§ WHAT YOU ARE ASKED TO DO
Repeat each entry below exactly.

§ RECORDS TO USE
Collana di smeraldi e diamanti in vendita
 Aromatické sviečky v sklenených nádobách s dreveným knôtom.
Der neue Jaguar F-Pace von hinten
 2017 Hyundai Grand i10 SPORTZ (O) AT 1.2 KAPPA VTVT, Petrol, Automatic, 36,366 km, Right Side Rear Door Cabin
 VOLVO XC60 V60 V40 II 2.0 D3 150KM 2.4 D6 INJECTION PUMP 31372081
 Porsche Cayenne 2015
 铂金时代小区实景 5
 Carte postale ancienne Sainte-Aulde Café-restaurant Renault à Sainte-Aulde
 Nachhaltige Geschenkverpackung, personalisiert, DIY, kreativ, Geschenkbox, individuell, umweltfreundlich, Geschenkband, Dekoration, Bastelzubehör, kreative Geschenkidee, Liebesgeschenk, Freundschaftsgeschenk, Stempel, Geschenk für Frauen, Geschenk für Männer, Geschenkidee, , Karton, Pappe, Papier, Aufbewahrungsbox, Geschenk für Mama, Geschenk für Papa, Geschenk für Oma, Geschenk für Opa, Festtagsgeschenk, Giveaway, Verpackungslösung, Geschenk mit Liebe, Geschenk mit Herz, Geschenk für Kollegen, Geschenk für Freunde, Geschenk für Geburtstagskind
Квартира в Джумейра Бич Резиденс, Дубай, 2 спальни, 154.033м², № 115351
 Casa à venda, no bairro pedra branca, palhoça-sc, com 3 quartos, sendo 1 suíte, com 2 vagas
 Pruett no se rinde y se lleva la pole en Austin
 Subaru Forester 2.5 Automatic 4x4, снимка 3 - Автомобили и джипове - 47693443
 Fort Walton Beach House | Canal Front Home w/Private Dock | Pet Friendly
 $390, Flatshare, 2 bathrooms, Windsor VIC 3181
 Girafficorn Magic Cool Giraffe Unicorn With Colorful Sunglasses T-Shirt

§ FINISHED EXERCISE
Collana di smeraldi e diamanti in vendita
 Aromatické sviečky v sklenených nádobách s dreveným knôtom.
Der neue Jaguar F-Pace von hinten
 2017 Hyundai Grand i10 SPORTZ (O) AT 1.2 KAPPA VTVT, Petrol, Automatic, 36,366 km, Right Side Rear Door Cabin
 VOLVO XC60 V60 V40 II 2.0 D3 150KM 2.4 D6 INJECTION PUMP 31372081
 Porsche Cayenne 2015
 铂金时代小区实景 5
 Carte postale ancienne Sainte-Aulde Café-restaurant Renault à Sainte-Aulde
 Nachhaltige Geschenkverpackung, personalisiert, DIY, kreativ, Geschenkbox, individuell, umweltfreundlich, Geschenkband, Dekoration, Bastelzubehör, kreative Geschenkidee, Liebesgeschenk, Freundschaftsgeschenk, Stempel, Geschenk für Frauen, Geschenk für Männer, Geschenkidee, , Karton, Pappe, Papier, Aufbewahrungsbox, Geschenk für Mama, Geschenk für Papa, Geschenk für Oma, Geschenk für Opa, Festtagsgeschenk, Giveaway, Verpackungslösung, Geschenk mit Liebe, Geschenk mit Herz, Geschenk für Kollegen, Geschenk für Freunde, Geschenk für Geburtstagskind
Квартира в Джумейра Бич Резиденс, Дубай, 2 спальни, 154.033м², № 115351
 Casa à venda, no bairro pedra branca, palhoça-sc, com 3 quartos, sendo 1 suíte, com 2 vagas
 Pruett no se rinde y se lleva la pole en Austin
 Subaru Forester 2.5 Automatic 4x4, снимка 3 - Автомобили и джипове - 47693443
 Fort Walton Beach House | Canal Front Home w/Private Dock | Pet Friendly
 $390, Flatshare, 2 bathrooms, Windsor VIC 3181
 Girafficorn Magic Cool Giraffe Unicorn With Colorful Sunglasses T-Shirt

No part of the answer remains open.